At the time, she wrote: “[Abbott] does not appear to be getting credit for its diversified structure and trades more in line with a lower-multiple drug company. The market’s focus on the risk surrounding Humira’s long-term growth outlook appears to be overshadowing [Abbott]’s other growth assets, such as nutritionals, diagnostics, and devices.”

However, Coffelt cautions that big pharma as a whole is trading quite cheap -- battered by a number of negative factors including the difficulty and huge expense of bringing potentially blockbuster new drugs to market and the ramifications of President Barack Obama’s health care overhaul. Thus, growth will likely become more of a challenge for both drug makers and medical device companies.

It will not be interesting to see if other big diversified medical companies follow Abbott’s example and split up. Reportedly, Pfizer (NYSE: PFE) is considering such a disposition of its nutritionals and animal health units. Other big names like Eli Lilly (NYSE: LLY) and Bristol-Myers (NYSE: BMY) have sold off some non-drug-related businesses.

As a final point, not all diversified companies need to split apart to achieve maximized value.

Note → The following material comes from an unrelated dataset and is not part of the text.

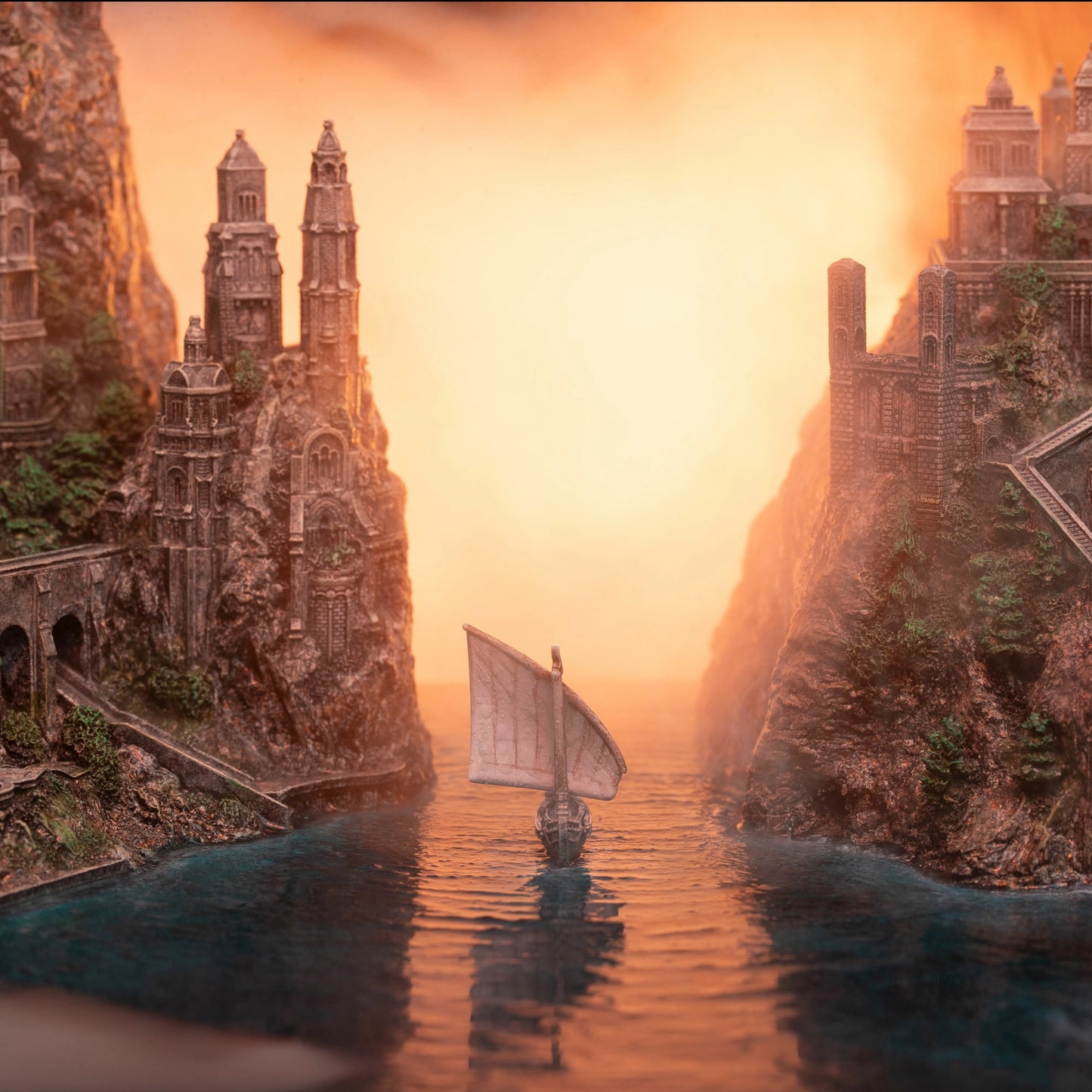 WETA WORKSHOP | THE LORD OF THE RINGS GREY HAVENS ENVIRONMENT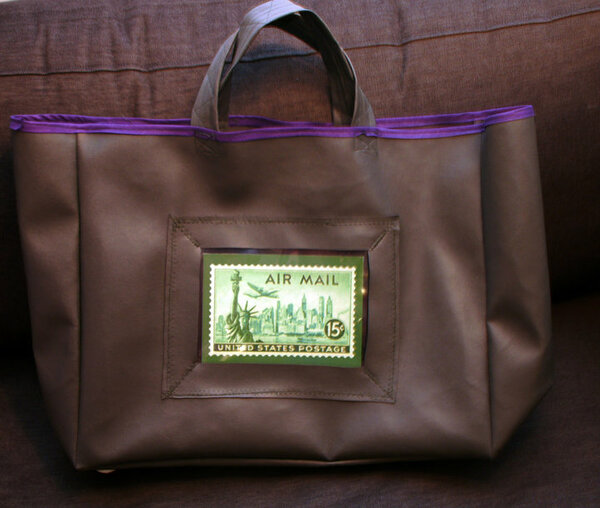 Kunstleder-Tasche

McGervey cited general Electric (NYSE: GE) as a wildly diversified conglomerate with dozens of very disparate business lines that nonetheless is hugely successful – with no apparent calls for a break-up,

Indeed, GE is into everything from finance to energy infrastructure to mass media to nuclear power to electrical equipment systems to military aircraft to healthcare to household appliances and many other business segments.

“GE’s model seems to work well for them,” McGervey noted. “In this case, diversification is good because, overall the company will prosper regardless of the economy, wince some areas of the corporation will likely flourish while others flounder.”

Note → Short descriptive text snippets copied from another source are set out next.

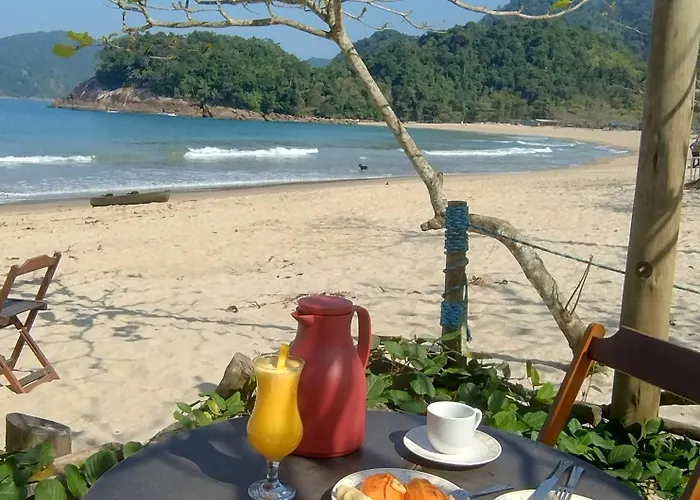 Shambhala Quarto Ideal Para Casal Beira Mar Entre Paraty E Ubatuba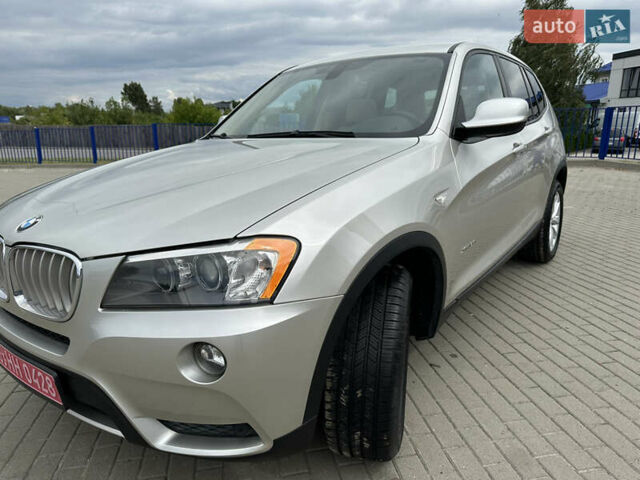 Серый БМВ Х3, объемом двигателя 2 л и пробегом 196 тыс. км за 12999 $, фото 10 на Automoto.ua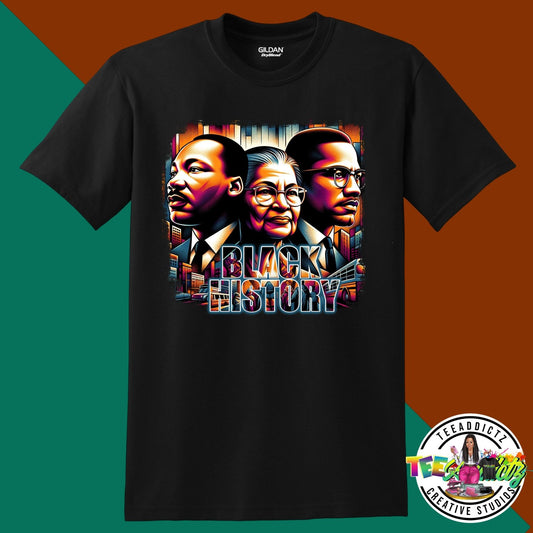 Black History Retro - TeeAddictz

At the other extreme of this discussion might be Apple inc. (Nasdaq: AAPL), which just happens to be the biggest and most high-profile corporation on earth.

 “Apple basically only has four products, “McGervey said. “There’s the Mac computer, the iPhone, the iPad and the iPod, that’s it. It’s very non-diversified, but, of course massively successful.”

Thus, splitting off a company many not always make sense – although for Abbott Labs, it appears to be the right thing to do.